The Placental Gene PEG10 Promotes Progression of Neuroendocrine Prostate Cancer

• Published in: Cell reports (Cambridge) Vol. 12; no. 6; pp. 922 - 936
• Main Authors: Akamatsu, Shusuke, Wyatt, Alexander W., Lin, Dong, Lysakowski, Summer, Zhang, Fan, Kim, Soojin, Tse, Charan, Wang, Kendric, Mo, Fan, Haegert, Anne, Brahmbhatt, Sonal, Bell, Robert, Adomat, Hans, Kawai, Yoshihisa, Xue, Hui, Dong, Xin, Fazli, Ladan, Tsai, Harrison, Lotan, Tamara L., Kossai, Myriam, Mosquera, Juan Miguel, Rubin, Mark A., Beltran, Himisha, Zoubeidi, Amina, Wang, Yuzhuo, Gleave, Martin E., Collins, Colin C.
• Format: Journal Article
• Language: English
• Published: United States Elsevier Inc 11.08.2015; Elsevier
• Subjects: Animals; Apoptosis Regulatory Proteins; Cell Cycle - genetics; Cell Cycle - physiology; Cell Division - genetics; Cell Division - physiology; Cell Line, Tumor; Cell Movement - genetics; Cell Movement - physiology; DNA-Binding Proteins; Humans; Male; Mice; Mice, SCID; Neuroendocrine Cells - metabolism; Prostatic Neoplasms - metabolism; Prostatic Neoplasms - pathology; Proteins - genetics; Proteins - metabolism; RNA-Binding Proteins; Xenograft Model Antitumor Assays
• ISSN: 2211-1247; 2211-1247
• DOI: 10.1016/j.celrep.2015.07.012

More potent targeting of the androgen receptor (AR) in advanced prostate cancer is driving an increased incidence of neuroendocrine prostate cancer (NEPC), an aggressive and treatment-resistant AR-negative variant.
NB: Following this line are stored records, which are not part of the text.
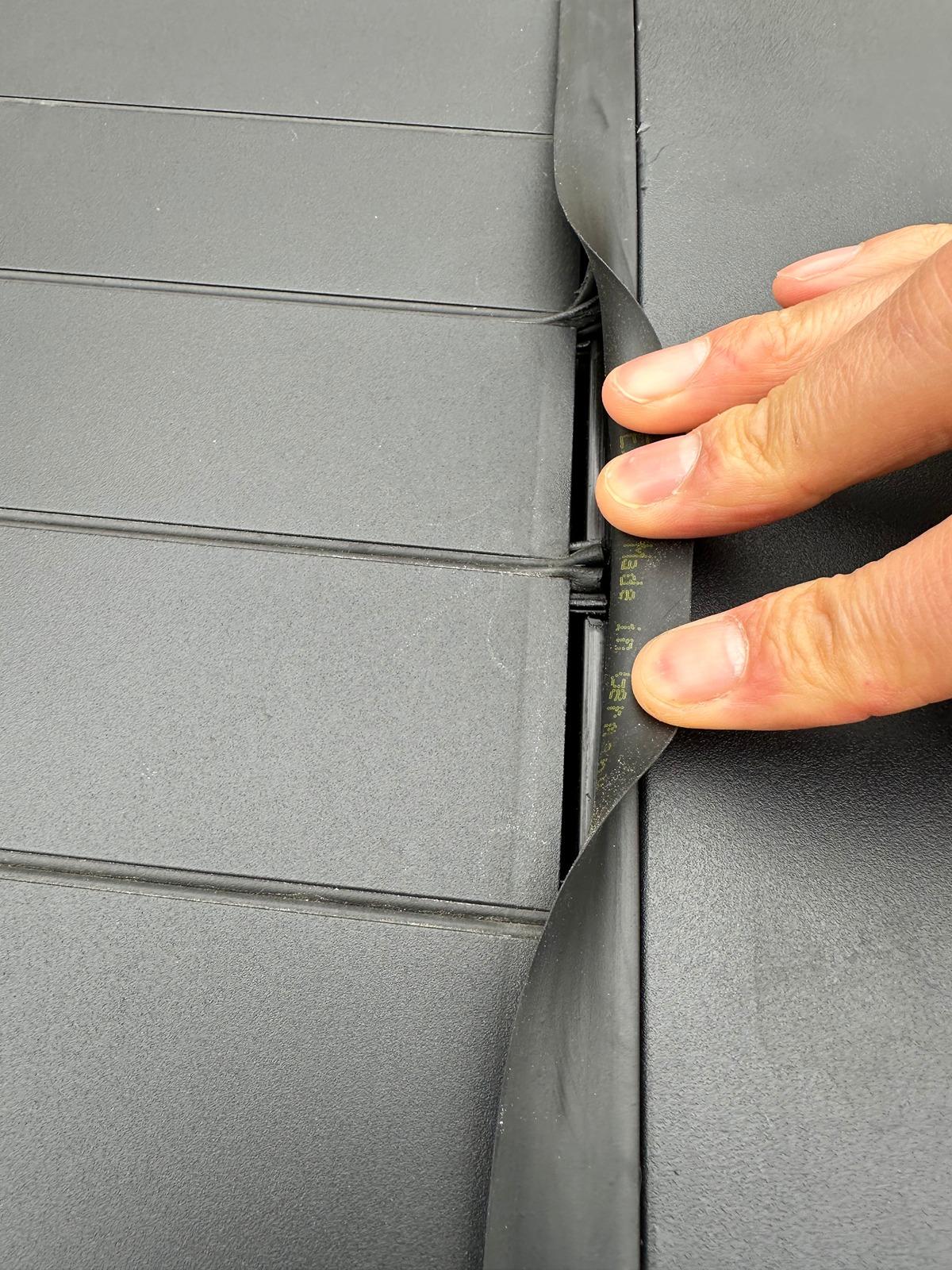 Tesla Cybertruck Tonneau Cover Weather Seals In between SLATS coming undone IMG_9858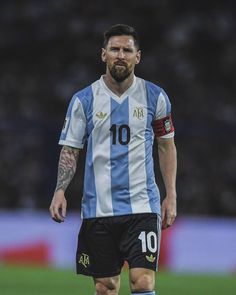 a man with a beard and tattoos on his face is standing in front of a soccer ball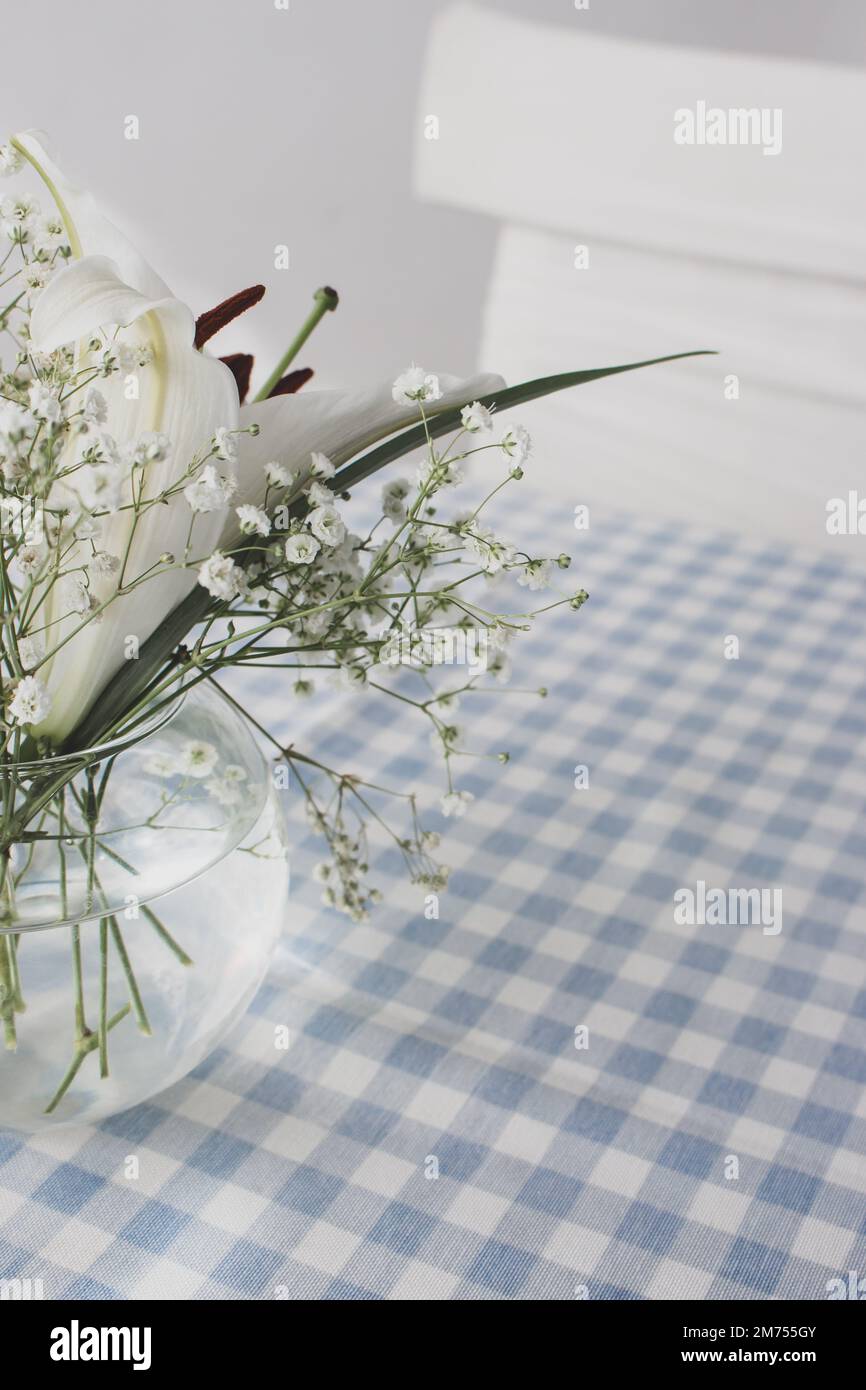 Fleurs blanches dans vase en verre sur table. Décoration de café. Intérieur minimaliste. Concept de pureté. Petites fleurs blanches dans le café. Mariage. Banque D'Images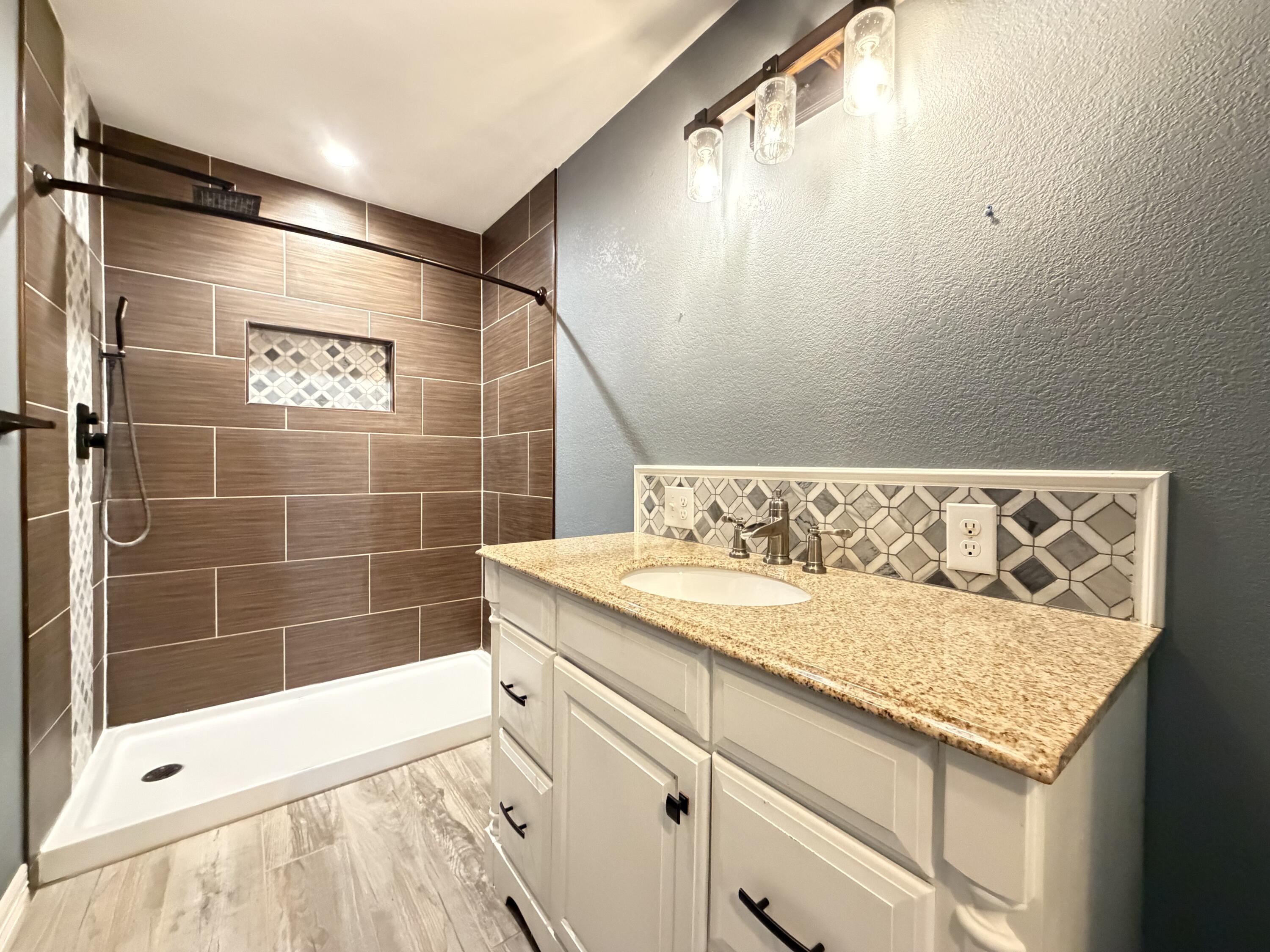 209 East 15th Street Littlefield, TX 79339 - Photo 11 of 18 a bathroom with a granite countertop sink and a shower
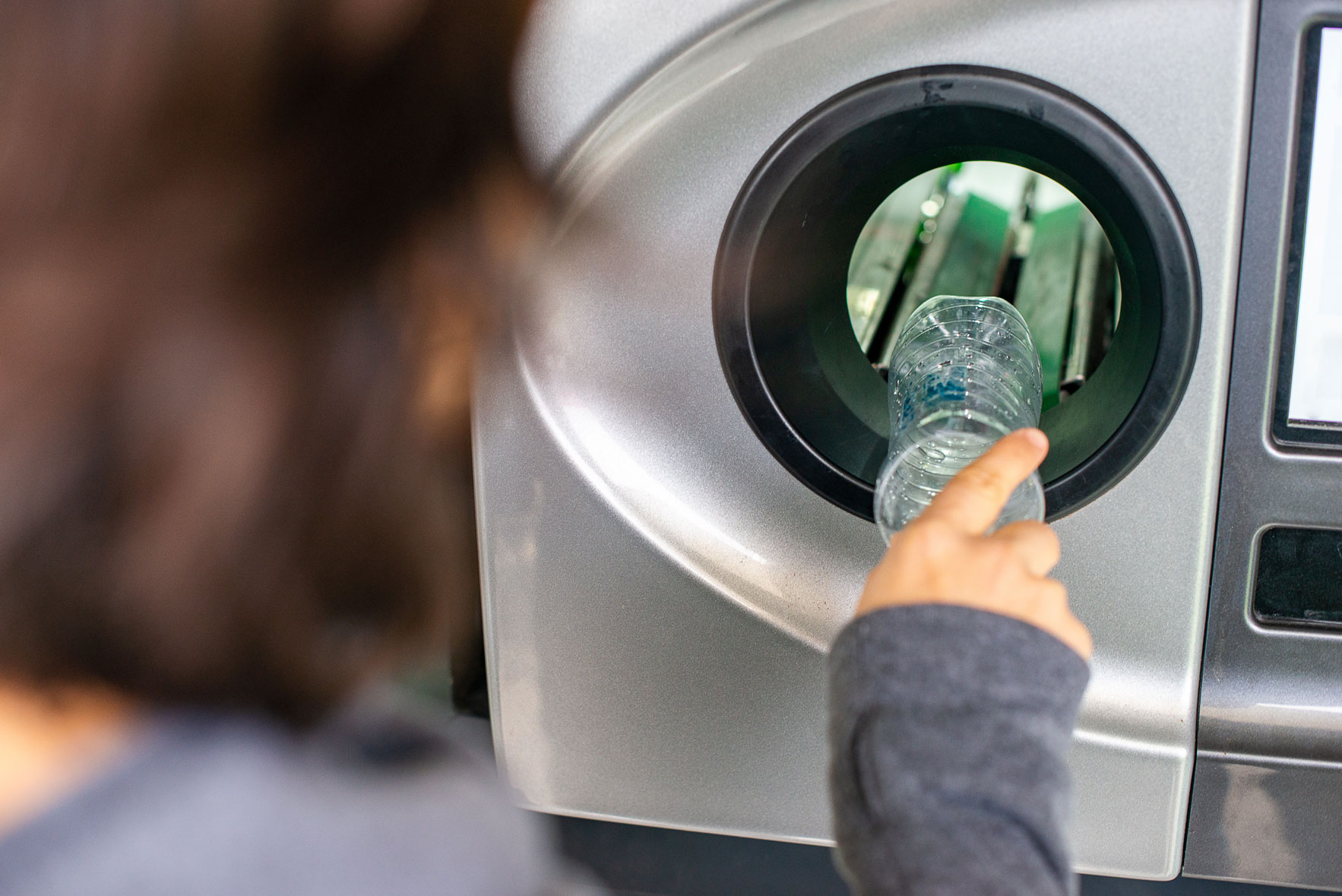 Une personne dépose une bouteille en plastique dans un automate afin de récupérer la consigne.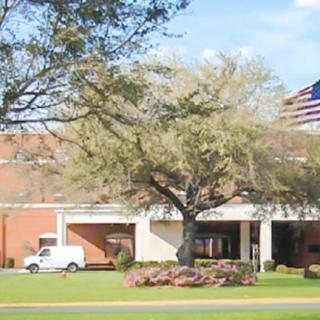 A building with an American flag, trees, and a parked vehicle in front.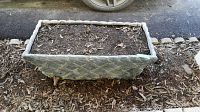 Side view of a cemented rectangular planter showing lattice pattern and filled with soil.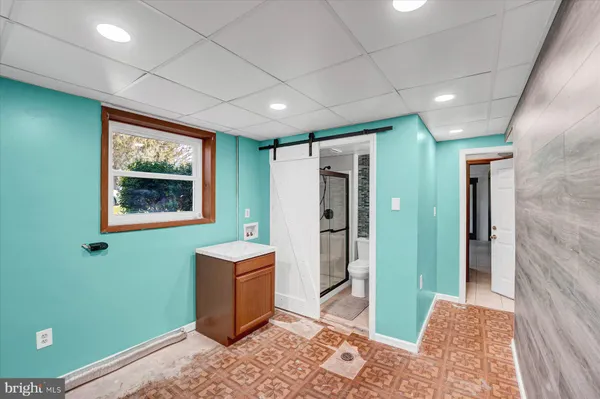 a view of a room with furniture and window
Its molecular pathogenesis remains poorly understood but appears to require TP53 and RB1 aberration. We modeled the development of NEPC from conventional prostatic adenocarcinoma using a patient-derived xenograft and found that the placental gene PEG10 is de-repressed during the adaptive response to AR interference and subsequently highly upregulated in clinical NEPC. We found that the AR and the E2F/RB pathway dynamically regulate distinct post-transcriptional and post-translational isoforms of PEG10 at distinct stages of NEPC development. In vitro, PEG10 promoted cell-cycle progression from G0/G1 in the context of TP53 loss and regulated Snail expression via TGF-β signaling to promote invasion. Taken together, these findings show the mechanistic relevance of RB1 and TP53 loss in NEPC and suggest PEG10 as a NEPC-specific target. [Display omitted] •Placental gene PEG10 is highly expressed in neuroendocrine prostate cancer (NEPC)•PEG10 is dynamically regulated by AR and E2F/RB during NEPC development•Distinct isoforms of PEG10 promote proliferation and invasion of NEPC cells•PEG10 represents a specific therapeutic target for NEPC Akamatsu et al. describe involvement of the placental gene PEG10 in driving the proliferative and invasive phenotype of lethal neuroendocrine prostate cancer (NEPC), suggesting PEG10 as a therapeutic target.